Markus Stange [:mstange]

Reporter

Description

•

5 years ago

•

Edited

Steps to reproduce:

In GeckoView example, navigate to about:crashparent.

Expected results:
Either the entire GVE app should crash, or a warning should be shown that allows restarting of Gecko.

Actual results:
The GVE app stays alive but is in a zombie state. No interaction with websites is possible any more. The app UI can still be interacted with.

Markus Stange [:mstange]

Reporter

Comment 1

•

5 years ago

I'm currently looking for a regression range.

Keywords: regression

Markus Stange [:mstange]

Reporter

Comment 2

•

5 years ago

•

Edited

13:48.59 INFO: Last good revision: 7cb103daaa8d249916f8e7c95a380c20434a9d41
13:48.59 INFO: First bad revision: ba8ce25fe969a8997591a33e060bed86bbcb9c1f
13:48.59 INFO: Pushlog:

https://hg.mozilla.org/integration/autoland/pushloghtml?fromchange=7cb103daaa8d249916f8e7c95a380c20434a9d41&tochange=ba8ce25fe969a8997591a33e060bed86bbcb9c1f

Flags: needinfo?(gsvelto)

Regressed by: 1649132

Markus Stange [:mstange]

Reporter

Comment 3

•

5 years ago

•

Edited

[Tracking Requested - why for this release]: Some crashes are handled incorrectly on Android and cause the app to go into a zombie state. Users have to restart the app manually. No crash report is generated.

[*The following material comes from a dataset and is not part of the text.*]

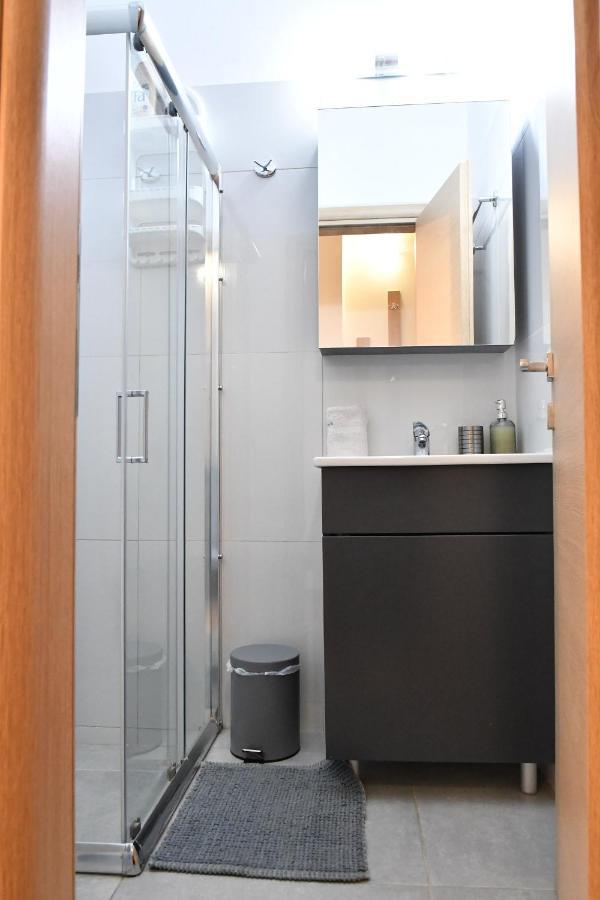Giorgos House Apartment นาฟปลิโอ ภายนอก รูปภาพ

Has Regression Range: --- → yes

Has STR: --- → yes

status-firefox83: --- → unaffected

status-firefox84: --- → affected

status-firefox85: --- → affected

status-firefox-esr78: --- → unaffected

tracking-firefox84: --- → ?

tracking-firefox85: --- → ?

Gabriele Svelto [:gsvelto]

Assignee

Comment 4

•

5 years ago

While testing this I noticed something odd: even without the patch applied if I browse to about:crashparent the GeckoView example app doesn't seem to die, or maybe it's restarted automatically? It closes when the main process crashes, but if I look in the app tray it's still there, and clicking on it it seems to start again and I can interact with it. This needs a deeper investigation.

Flags: needinfo?(gsvelto)

Julien Cristau [:jcristau]

Updated

•

5 years ago

tracking-firefox85: ? → +

Ryan VanderMeulen [:RyanVM]

Updated

•

5 years ago

status-firefox86: --- → affected

tracking-firefox84: ? → +

tracking-firefox86: --- → +

Julien Cristau [:jcristau]

Comment 5

•

5 years ago

(In reply to Gabriele Svelto [:gsvelto] from comment #4)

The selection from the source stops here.